I started on Eligard(i.e., Lupron) as a Gl 8, stage 4 patient with Casodex in November 2012. My AZ urologist believed in 6 month intermittent scheduling. I continued doing that until August, 2016. We moved to FL and my urologist dropped the Casodex and administers Lupron continuously in a six month shot. I am still getting good results. I should add that I have been on heavy doses of IP6 daily and several other natural supplements. I also started a natural immunomodulation program with beta glucan (Transfer Point) in 2017. One nighttime dose of 1.500 milligrams combined with resveratrol and vitamin C per Dr. Vaclav Vetvicka's protocol (Univ. of Louisville Medical School). Is any of this affecting the longevity of Lupron? I haven't a clue. Does it have any synergistic relationships with any of my supplements? Again I don't know. Last visit to the urologist in March resulted in a 0.06 PSA, the same as Sept. 2017.

vandy696 years ago

Good Monday Morning Hvacman,

I have been in this battle for almost six years (please see bio for complete treatment history).

For that entire time, I have been on either Lupron, Firmagon, or Trelstar, through both radiation and chemo.

Like another respondent, for me, there has been no time without a T suppressor.

Best wishes. Never Give In.

Mark, Atlanta

Tjc16 years ago

7 1/2 years before luprn failed me. Now on Xtandi also. Psa at .04.

TinCanDel6 years ago

I have been on Lupron and now off. Diagnosed 2009. Now Stage 4 spine & lymph nodes. 5/2015 psa 37.7. Began Lupron 6/2015 on every 6 months basis. By 8/20015 psa at <.0 undetectable. 7/2017 stopped Lupron, based on VA Docs rationale: Tolerated medication fairly well, osteoporosis & spin stenosis worsened during the Lupron treatment and I would reach age 80 in 11/2017. Even with Parkinson's, I live an active life style (6 days per wk at the gym- my routine 1 hour on treadmill +1/2 hr strength machines). Had a psa every 90 days (Jan 2018= 0.1; Apr=0.3 & Jul=0.7). Current plan of action: psa every 6 months and let psa rise to 10.0 and then resume Lupron. A side note: My wife has been diagnosed with Alzheimer's. I am her only care giver, with out the Lupron side affects, I will better be able to attend to her needs. Let's not get so caught up in our prostate cancer, that we are distracts from living life to the fullest. In Oct, we are going on a Caribbean cruise to celebrate my wife's 80th birthday. If you are still "here" life is good

Break606 years ago

I was on intermittent lupron or trelstar for three rounds: from 6/14-12/14; 9/15-10/16; and 5/17-6/18. My second and third rounds of ADT treatments included bicalutamide and avodart ( triple blockade). If it’s up i guess I’m castrate resistant. So pretty good run.

Bob

j-o-h-n6 years ago

to Hvacman: to answer your question, I just picked out of a hat and the answer is "hatband". Hatband? WTF?

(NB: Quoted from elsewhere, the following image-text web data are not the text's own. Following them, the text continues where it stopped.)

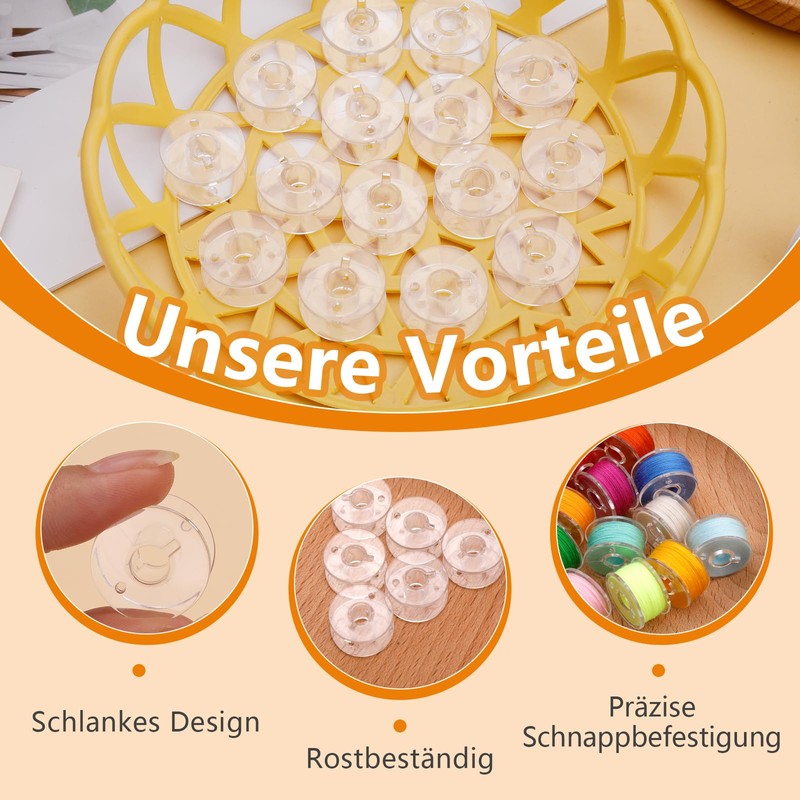 Doxiru 25 bobine in plastica per macchina da cucire con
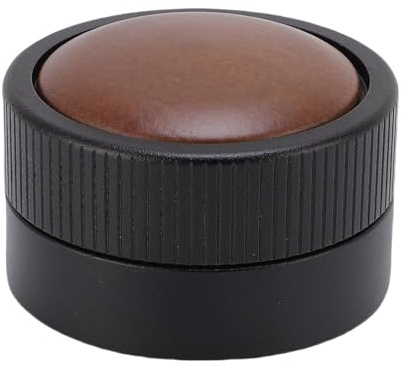 Adfaga Distributore di caffè e pressino in acciaio inossidabile con manico in legno di noce Livellatore di caffè adattivo a gravità per la preparazione dell'espresso per baristi e (51MM)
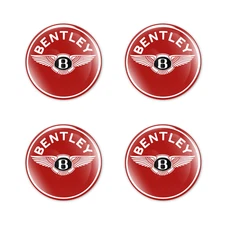 Bentley Glossy Stickers 4pcs Decals Resin Rim Badge wheel emblem Logo 15-100 mm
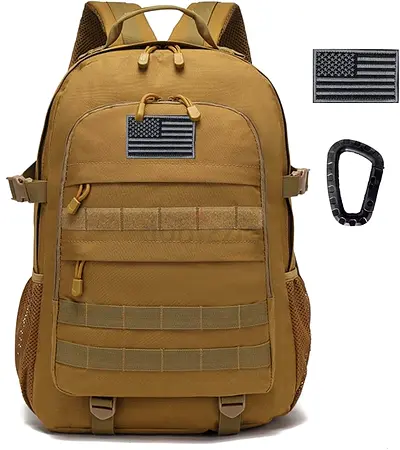 Military Tactical Backpack, 30L Hiking Daypack Water-Resistant 3 Day Assault Backpacks Molle Army Pa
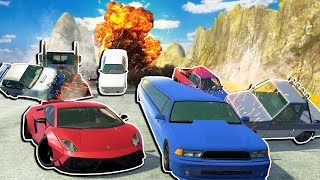 A MEGA LADEIRA MULTIPLAYER FICOU DIFERENTE com TRÁFEGO! BeamNG.drive screenshot 5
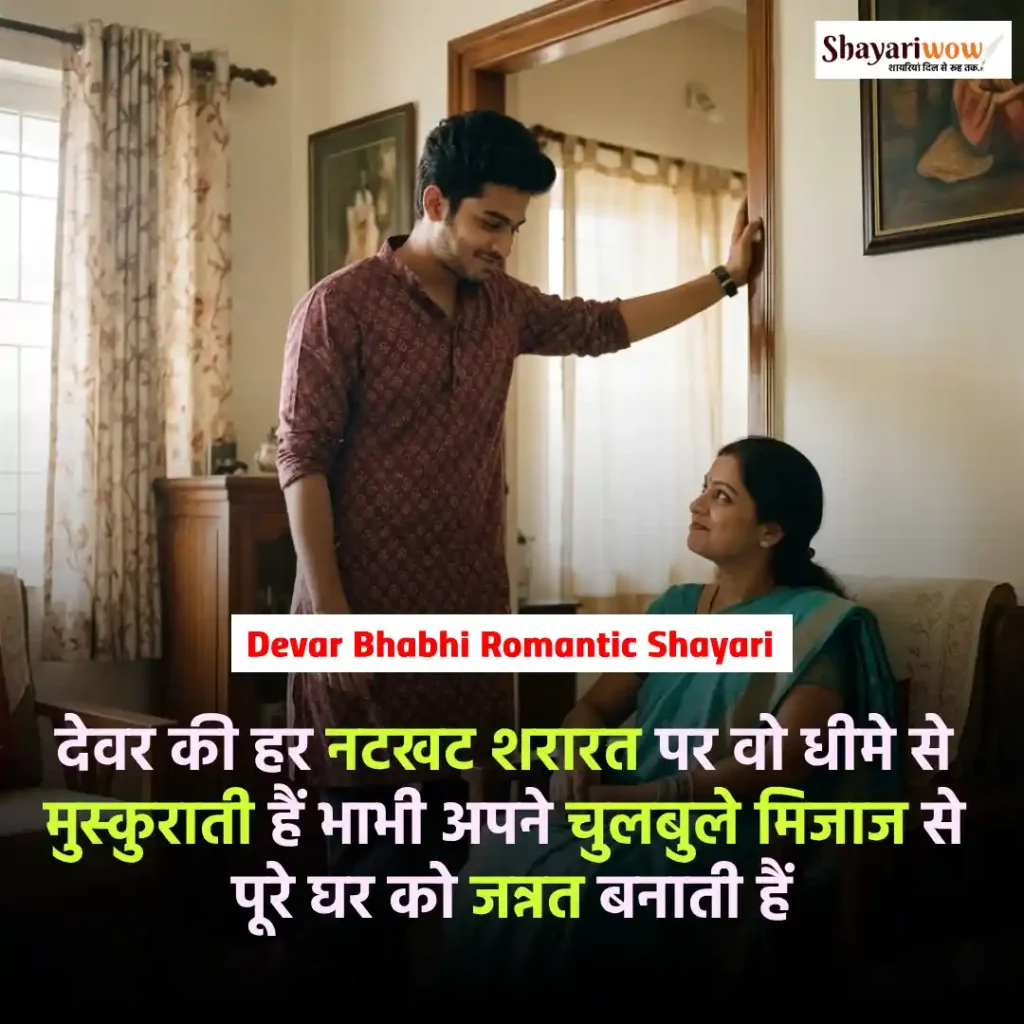 Devar Bhabhi Romantic Shayari
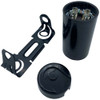 Motor Start Capacitor 108–130 µF 250VAC with End Cap, Mounting Bracket & Discharge Resistor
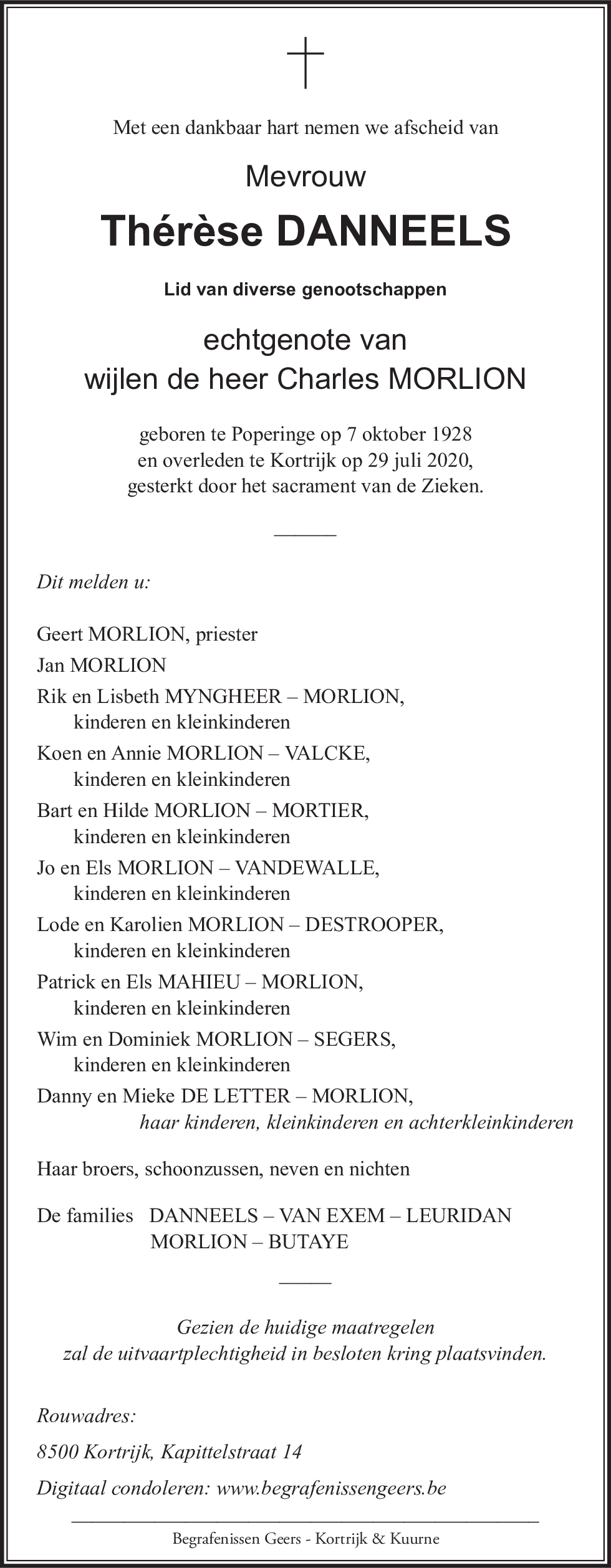 Thérèse Morlion - Danneels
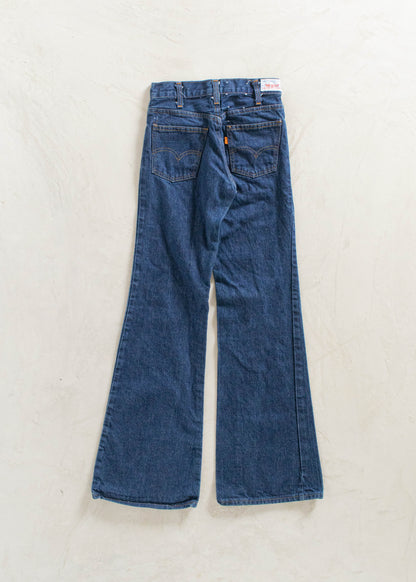 Vintage 1970s Levi's Darkwash Flare Jeans Size Women's 23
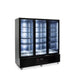 Williams Quartz Star HQS3GBHC - 3 Door Black Colorbond Upright Display Fridge 1845mm 1500L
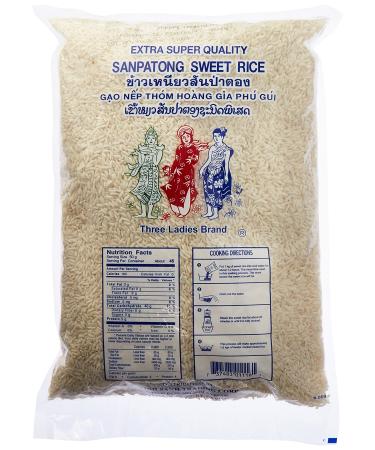 Three Ladies Sanpatong Sweet Rice 5 lbs 5 Pound (Pack of 1)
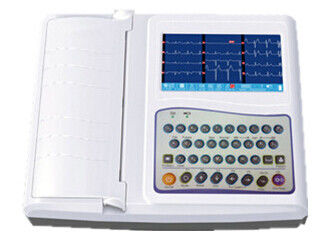 12 채널 디지털 방식으로 ECG 감시자 7 인치 색깔 LCD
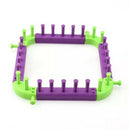 Knitting Loom Long Ring Set Hat Socks Scarves Maker Wool Yarn Needle Knit H M8A3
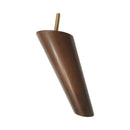 Walnut finished turned tapered wood furniture leg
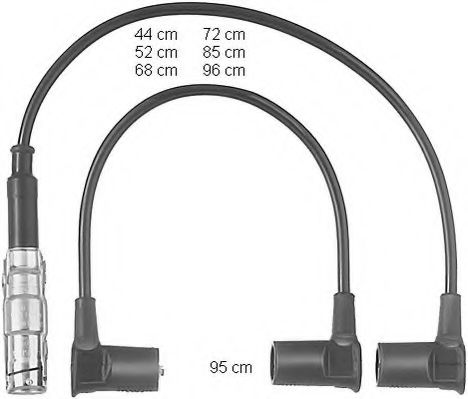Комплект кабелів високовольтних BERU арт. CLS250 фото1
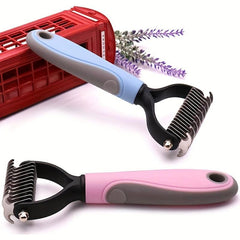 Pet Grooming Comb Double Sided Non-slip Handle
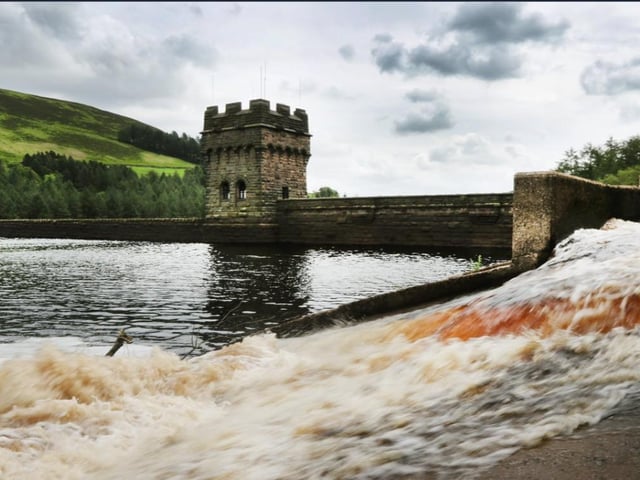 Used in The Dam Busters ,1955, as the reservoir was actually used by the RAF to train for the raid on the dams of the Ruhr Valley. But you might no know that the reservoir's giant plug hole was used in Mission Impossible: Rogue Nation.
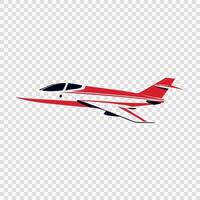 Jet Fighter Silhouette in Flight vector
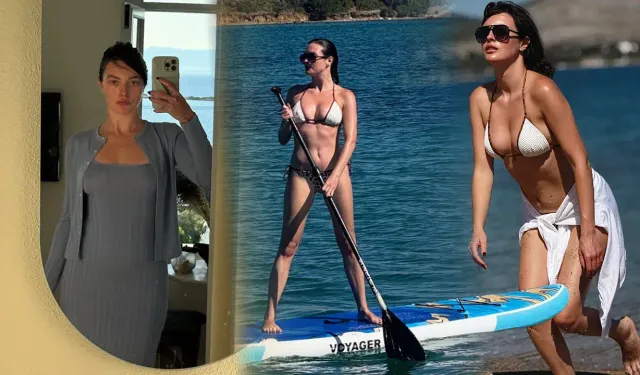 Melis Sezen Ildır'a gitti! Beyaz bikinisiyle fiziğini sergiledi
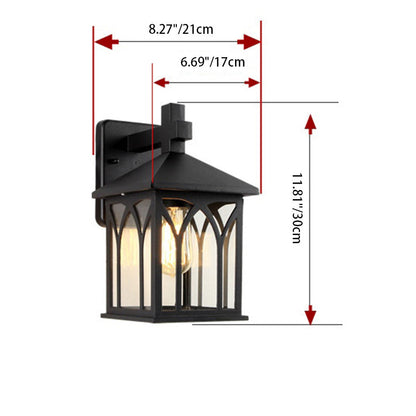 Simplicity Shape Aluminum Glass 1-Light Wall Sconce Lamp
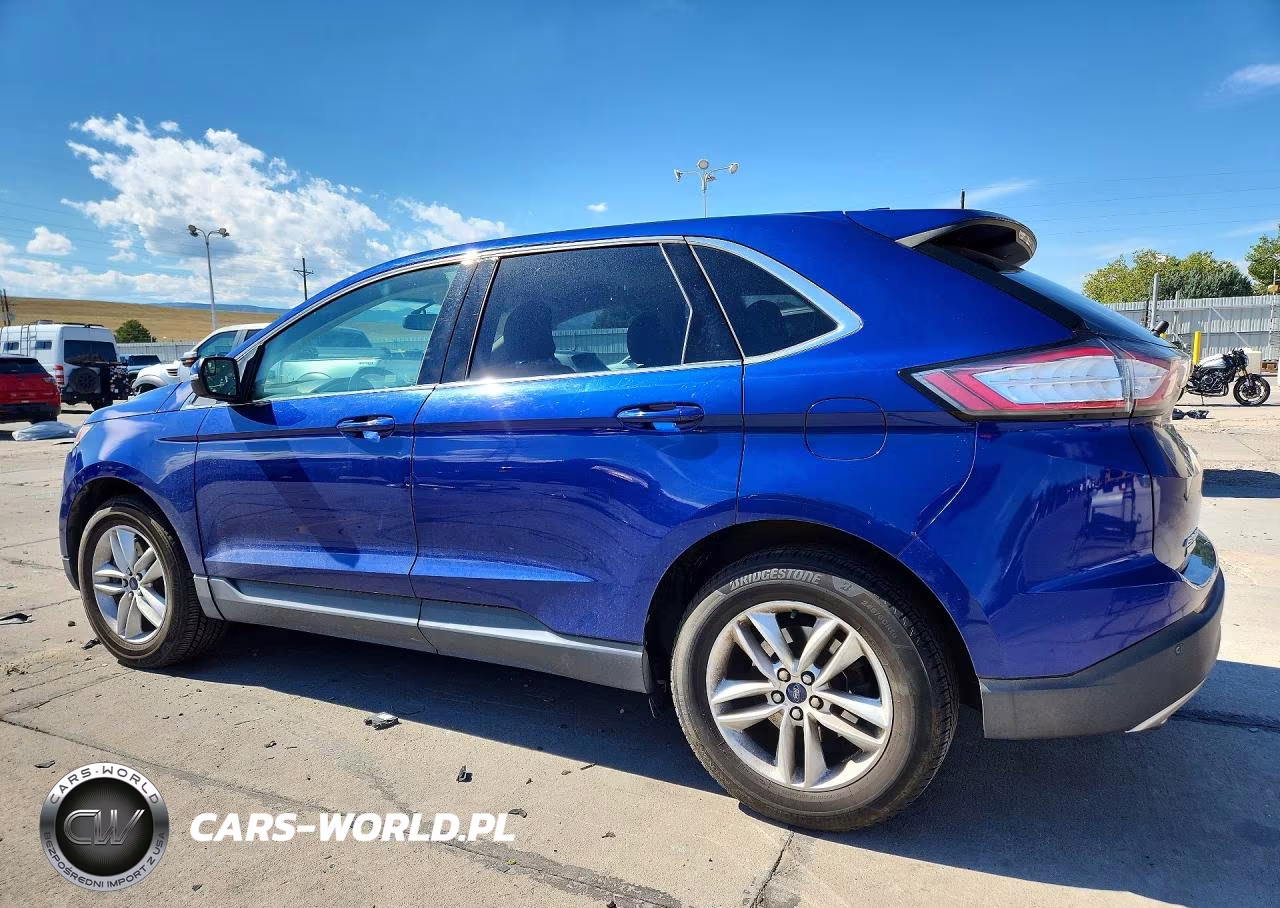 2015 Ford Edge Sel VIN:2FMTK4J93FBB21054 - 2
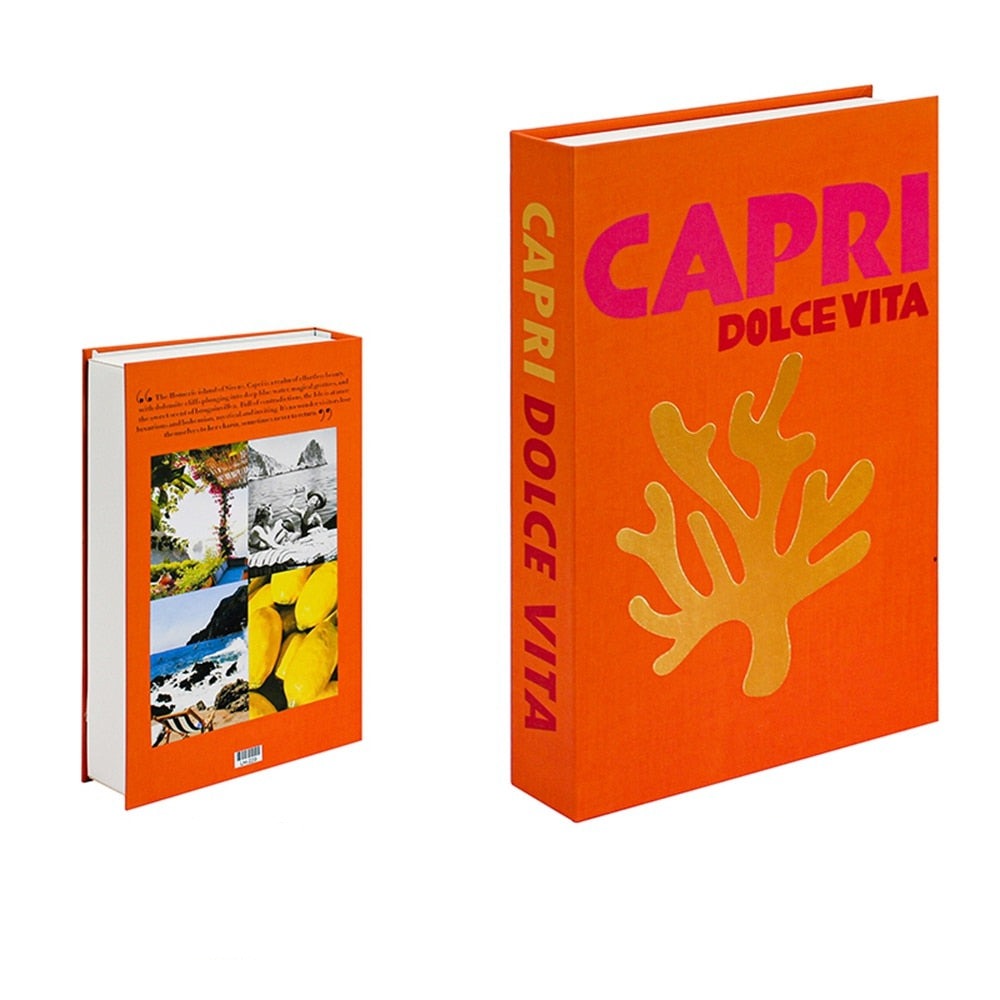 Decorative Book Travel-Themed Elegant Coffee Table Size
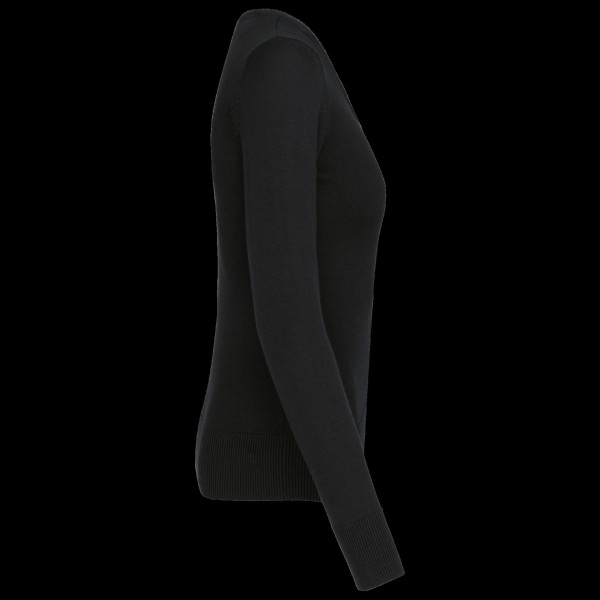 Pull col rond femme personnalisable – Communication B2B et objet publicitaire textile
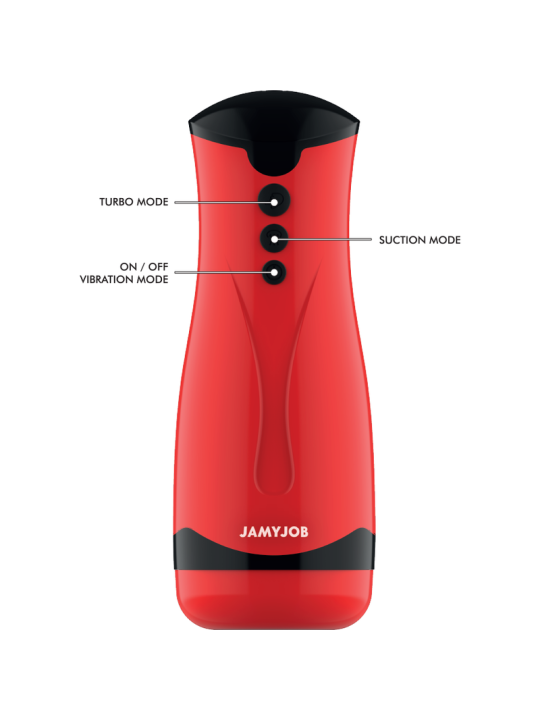 JAMYJOB MASTURBADOR DE SUCCION Y VIBRACION DAMERON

Good Luck and Good Health.

j-o-h-n Monday 07/23/2018 12:46 PM EDT

arizonablue6 years ago

Been on triple hormone blockade includingLupron since 2008 with off vacations between 9 and 12 months, still working this far

Joeym10406 years ago

Been on a year, off a year (lupron + casodex) since Oct 2011 when I had recurrance. Keep my fingers crossed every blood test. I am blessed. Good luck, still lots of options.

Olman6 years ago

Keep the faith Hvacman! I’ve been on Lupron more than 15 years with nothing else. Just got PSA test results of 4.5 and holding steady. I’d like 0.1, but will take what works for me. Get another PSA in three months and if it’s up, then a shot.

Hvacman• in reply toOlman5 years ago

Wow , I hope I’m that lucky. I don’t take the Lupron in the summer. My last psa was 133. I just ended a 4 mnt shot.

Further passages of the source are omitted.